Ce rêve s’arrête là.

- Aimez-vous Georges Beller ?

- Oui, il m’est très sympathique, j’écoute toutes ses émissions.

- De quel genre d’école s’agissait-il ?

- En y réfléchissant mieux, cela ressemblait à une école au Zaïre où l’on apprend à laver le linge.

- Connaissez-vous l’expression c’est du beau linge ? 

- Non, pourquoi ?

- Cela signifie des gens hauts placés mais pas nécessairement de grande qualité humaine. Un balayeur peut valoir un président de la République ou réciproquement.

Le rêve signifie que vous devez aller à l’école de vous-même, de votre intériorité. Vous possédez un diplôme, un savoir, mais vous ne vous connaissez pas et ne connaissez pas l’âme humaine. Vous vous trompez sur les gens car vous les jugez selon l’apparence. Vous vous fiez à leur bel air, leurs belles paroles, et vous vous faites gruger à chaque fois. De plus, vous êtes très émotif et chaque échec vous amène des perturbations émotionnelles en discordance avec les faits.

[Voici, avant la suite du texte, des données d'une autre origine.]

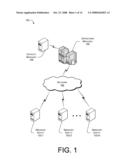 Training of resource models diagram and image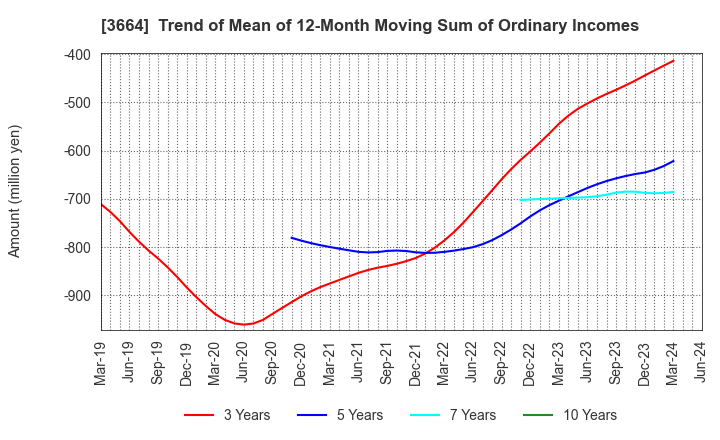 3664 MOBCAST HOLDINGS INC.: Trend of Mean of 12-Month Moving Sum of Ordinary Incomes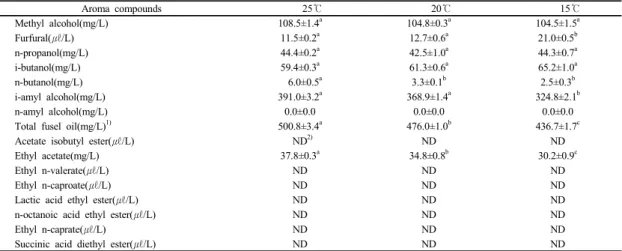 Table 4. Aroma compounds of fermented mashing prepared different temperature 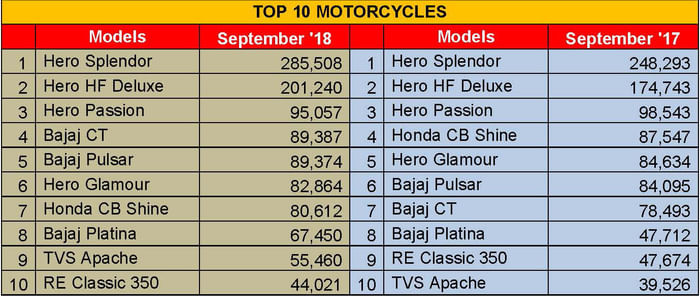 September 2018 sales: Top 10 motorcycles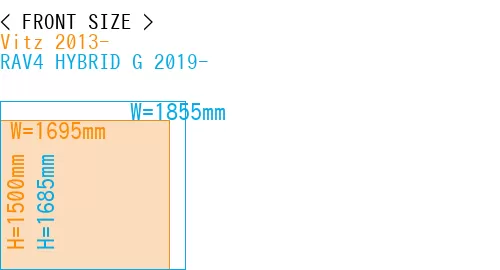 #Vitz 2013- + RAV4 HYBRID G 2019-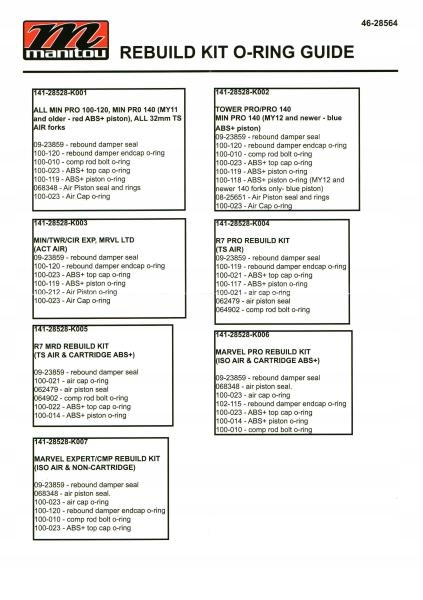 Zestaw o-ringów Manitou Rebuild Serwis Kit kit 30mm Markhor/M30/R7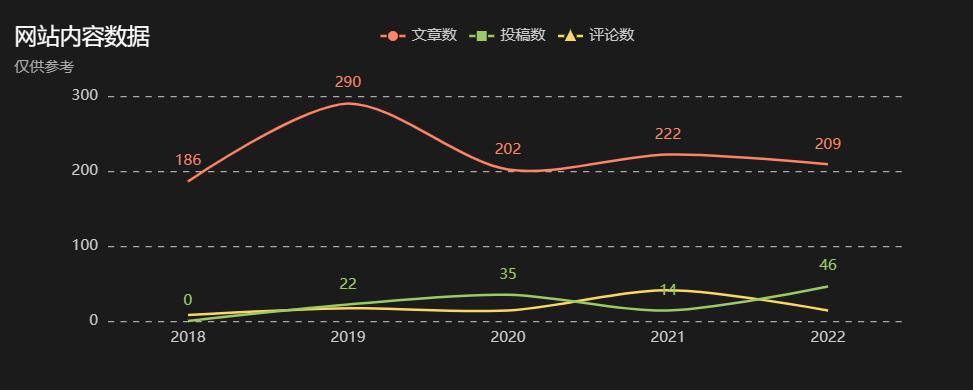 警察年终总结2022,公务员2022年终总结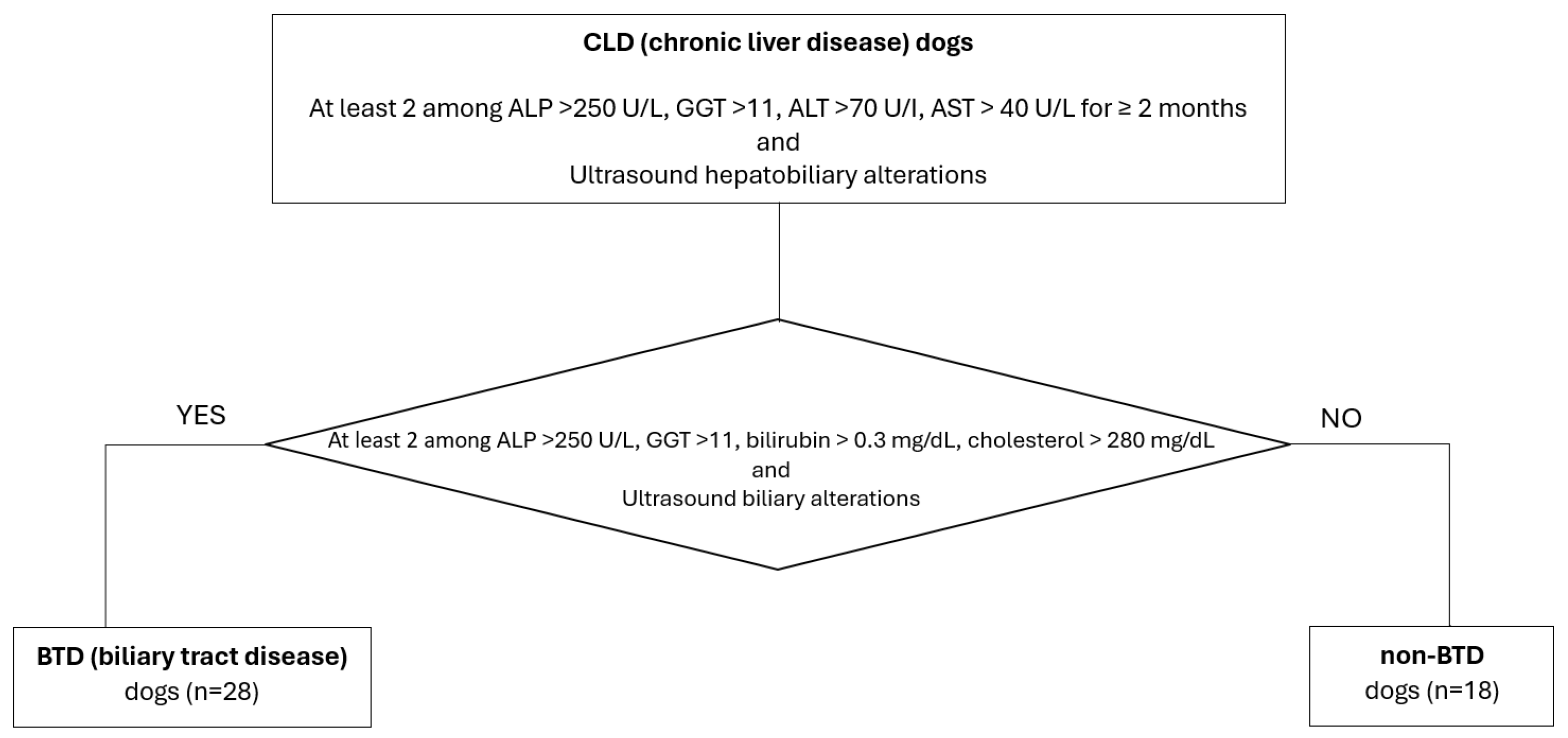 Animals 14 03051 g001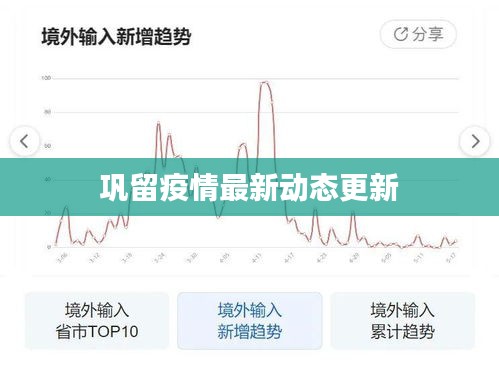 巩留疫情最新动态更新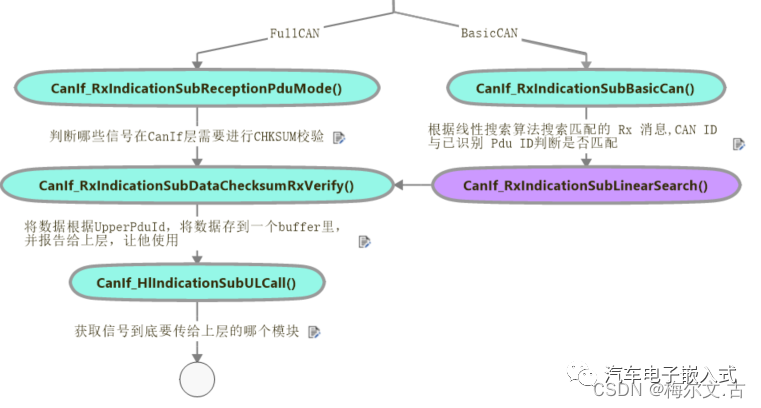 回调函数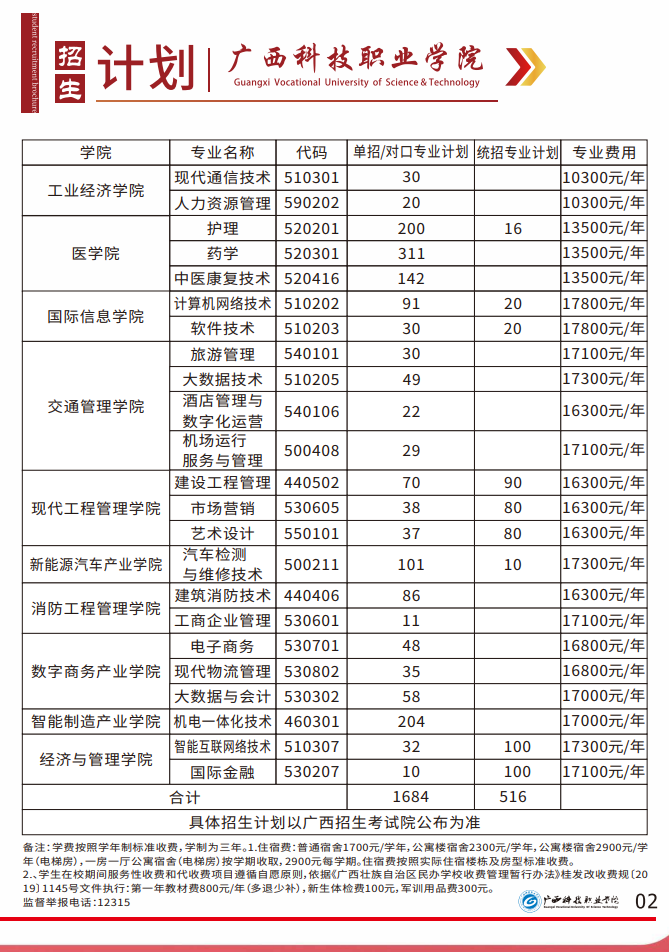 2024广西科技职业半岛在线注册招生计划-各专业招生人数是多少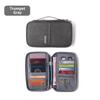 1PC Portable Travel Plane Bag Waterproof High Quality Business Passport Bag Multi-functional Cationic Document Storage
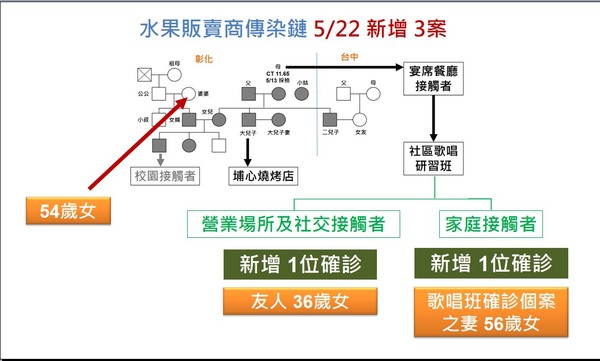 ▲彰化縣長王惠美公布確診足跡。（圖／彰化縣政府提供）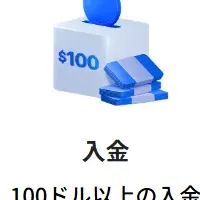 Land Primeキャンペーン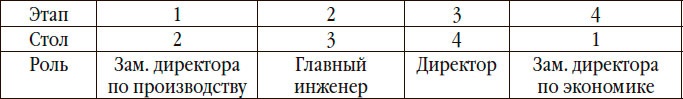 Управленческая элита. Как мы ее отбираем и готовим Управленческая элита. Как мы ее отбираем и готовим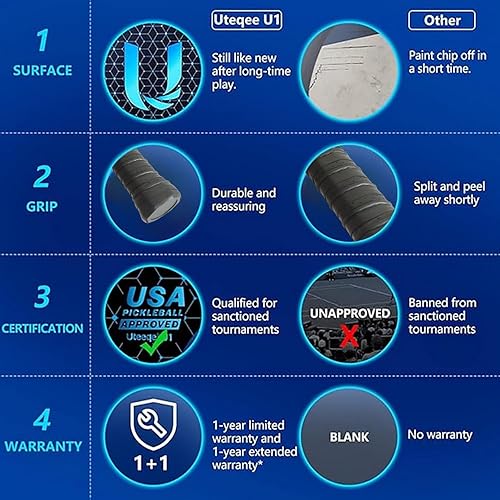 Miniatura 5 de Paletas de pickleball de fibra de vidrio de grado profesional - Certificado USAPA  Diseño ligero y duradero  Ideal para principiantes y uso doméstico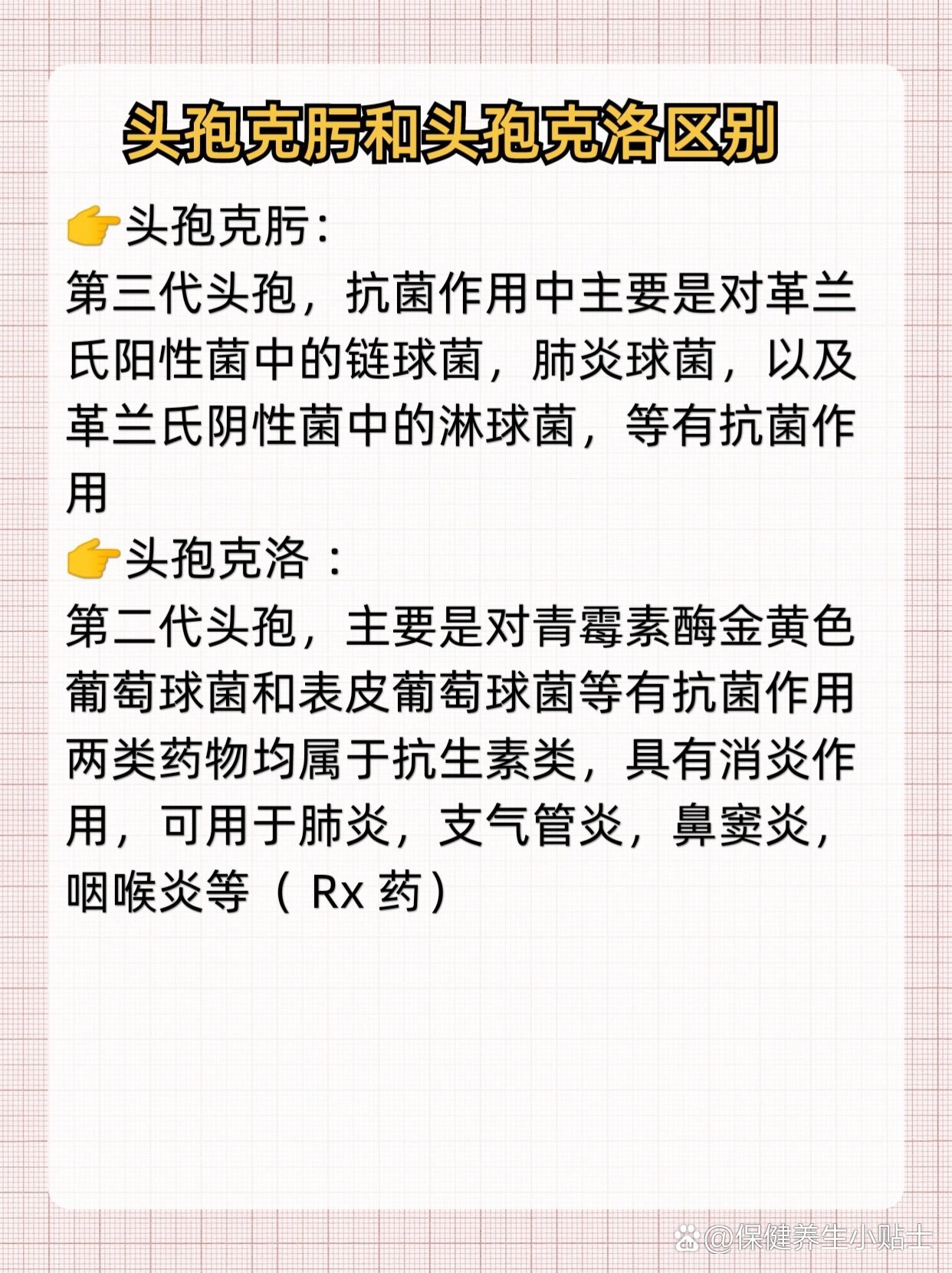 小儿头孢克洛颗粒用量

Petit, n’aviez-vous pas des problèmes avec l’eau ? 

- Oui, j’avais peur de l’eau, et jusqu’à l’âge de 5 ans je ne voulais pas me laver. C’est bien sûr différent maintenant.

- C’est différent en ce qui concerne l’eau de la réalité dont vous n’avez plus aucune crainte, mais l’eau au sens symbolique, en particulier son côté émotionnel vous pose toujours des problèmes. Reprenons l’image du linge à laver. Vous devez au préalable le tremper, vous tremper, vous mouiller dans certaines situations, ensuite on savonne, on prend des savons, des claques, des expériences douloureuses, pénibles, on frotte, on retrempe, on se frotte aux réalités, on doit éliminer soi-même le savon, les peaux de banane, puis il faut rincer, éliminer l’eau, l’excès émotionnel, se noyer dans une goutte d’eau dit-on, puis sécher, accéder à un stade spirituel plein de soleil où toutes les expériences vécues auront été notre connaissance et notre richesse et donneront toute sa valeur au linge. Actuellement, vous avez effectué le stade du savonnage, du frottage, mais vous êtes encore plein d’eau. Vous devez éliminer et sécher. Concrètement, votre sciatique bilatérale est due au fait que vous vous êtes senti abaissé d’avoir à effectuer des tâches pas à la hauteur de votre niveau, car vous êtes trop absorbé par l’équivalence :

“Je suis ce que je fais”, totalement erronée mais due à un complexe de votre part.

Abaissez votre niveau, c’est-à-dire acceptez un travail qui n’est pas en rapport, pour l’instant, avec votre qualification mais où vous aurez la possibilité de grimper les échelons et de montrer votre valeur réelle.